## DATA EXCERPT
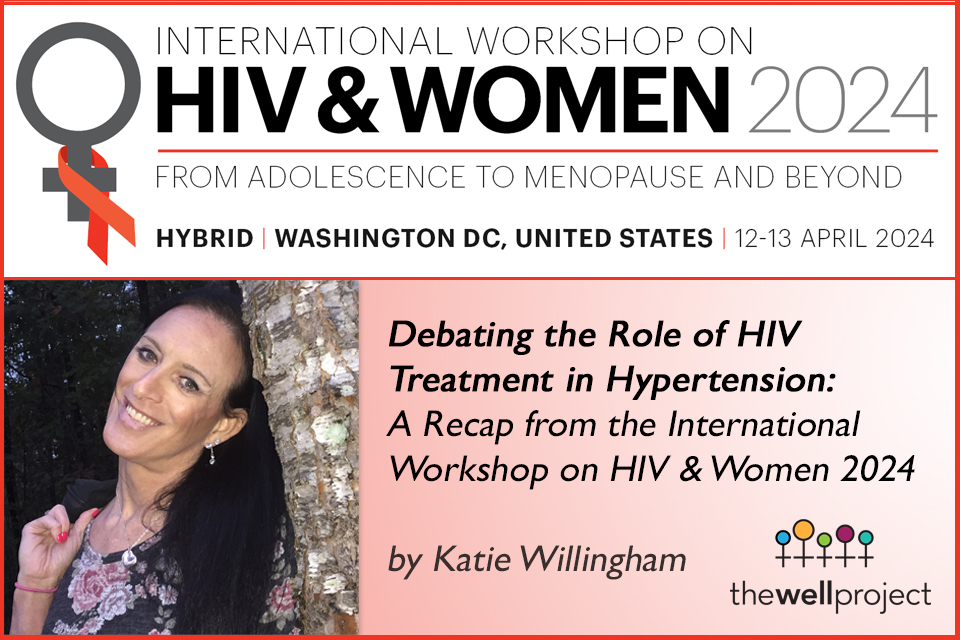Headshot of Katie Willingham and logos for The Well Project and International Workshop on HIV &amp; Women.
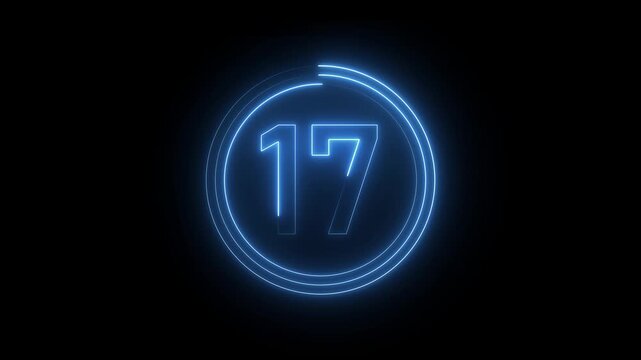 Neon number 17 animation. Neon countdown 1 text number. and creating a stunning 4k video.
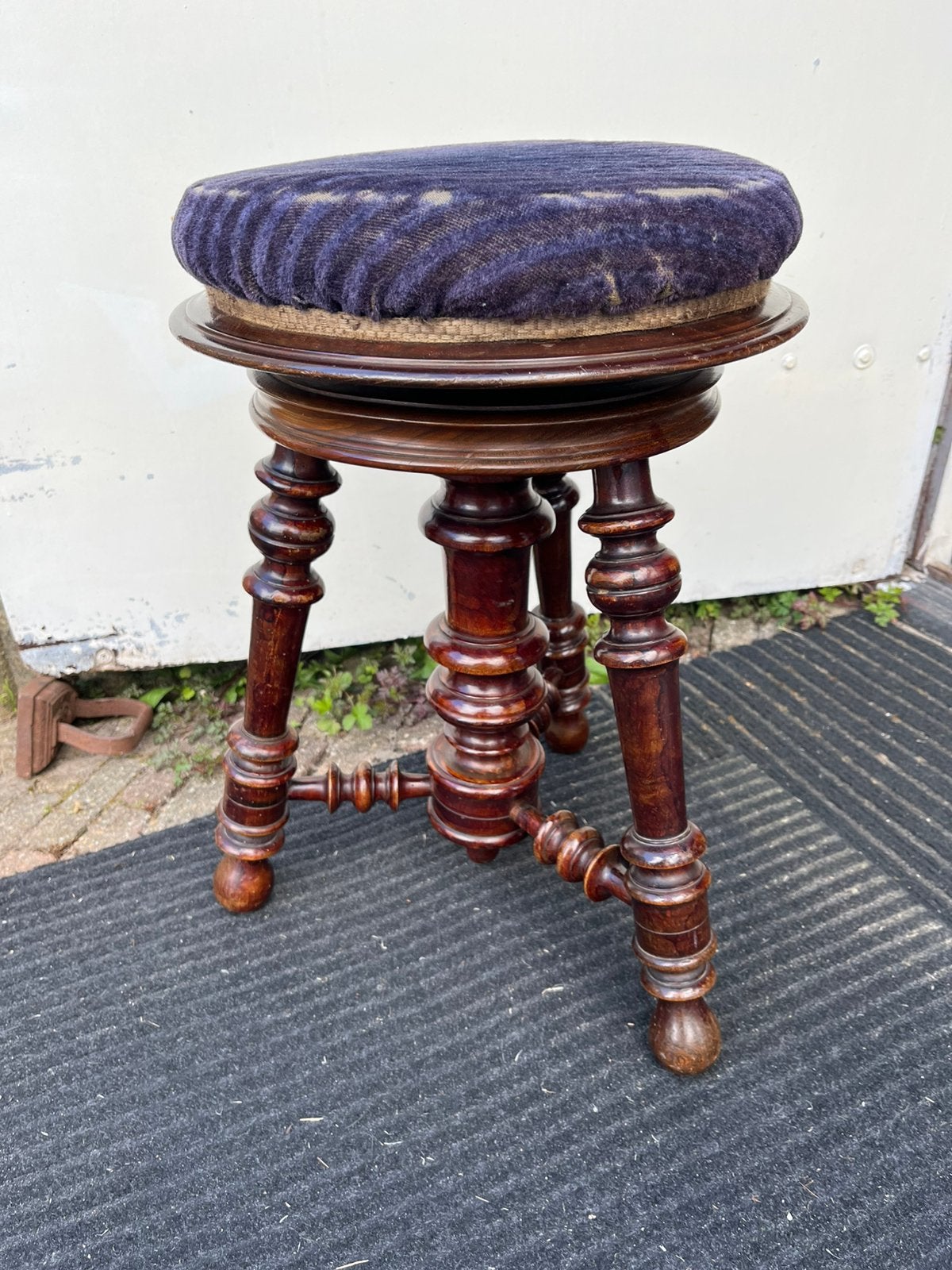 Antieke houten pianokruk - 53 cm hoog, 37 cm diameter, Ophalen of Verzenden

## HOW TO COMPLETE THIS TASK
The copy must start at the line containing "Neon number 17" and end at the last line of the data, matching each line exactly. It must hold no pictures.

## FINISHED EXERCISE
 Neon number 17 animation. Neon countdown 1 text number. and creating a stunning 4k video.
 Antieke houten pianokruk - 53 cm hoog, 37 cm diameter, Ophalen of Verzenden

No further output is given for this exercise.